**PROBLEM REQUIREMENTS**
Take the entries below and reproduce exactly the portion that begins at the line containing "Над 13 процента" and ends at the line containing "From Delhi: 4-Day", keeping both ends, dropping pictures, and adding nothing else.

**SUPPLIED RECORDS**
* * * * * * *

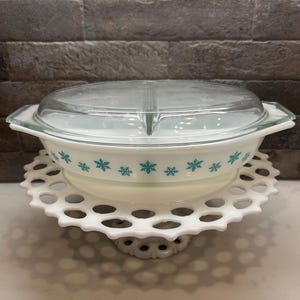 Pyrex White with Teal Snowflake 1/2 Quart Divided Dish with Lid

* * * * * * *

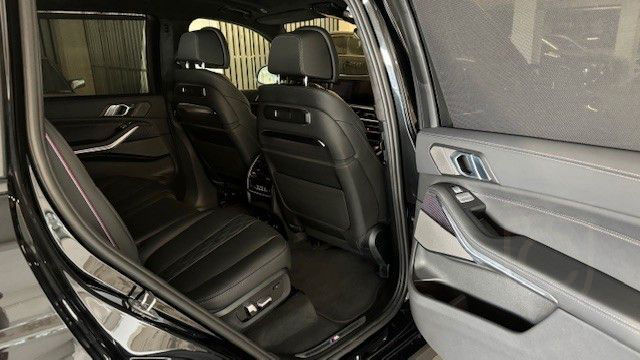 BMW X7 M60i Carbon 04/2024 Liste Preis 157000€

* * * * * * *

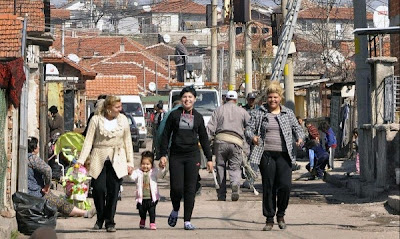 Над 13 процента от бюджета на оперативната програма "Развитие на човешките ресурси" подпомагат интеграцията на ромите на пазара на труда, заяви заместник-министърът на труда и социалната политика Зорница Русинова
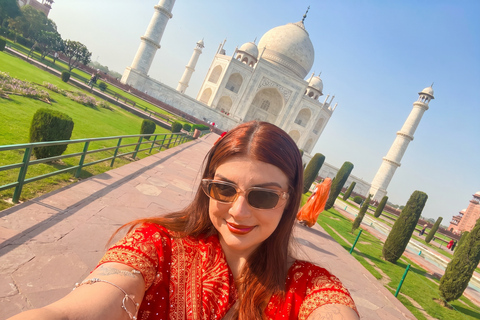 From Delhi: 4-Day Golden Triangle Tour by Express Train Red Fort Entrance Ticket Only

* * * * * * *

**ANSWER TO THIS TASK**
 Над 13 процента от бюджета на оперативната програма "Развитие на човешките ресурси" подпомагат интеграцията на ромите на пазара на труда, заяви заместник-министърът на труда и социалната политика Зорница Русинова
 From Delhi: 4-Day Golden Triangle Tour by Express Train Red Fort Entrance Ticket Only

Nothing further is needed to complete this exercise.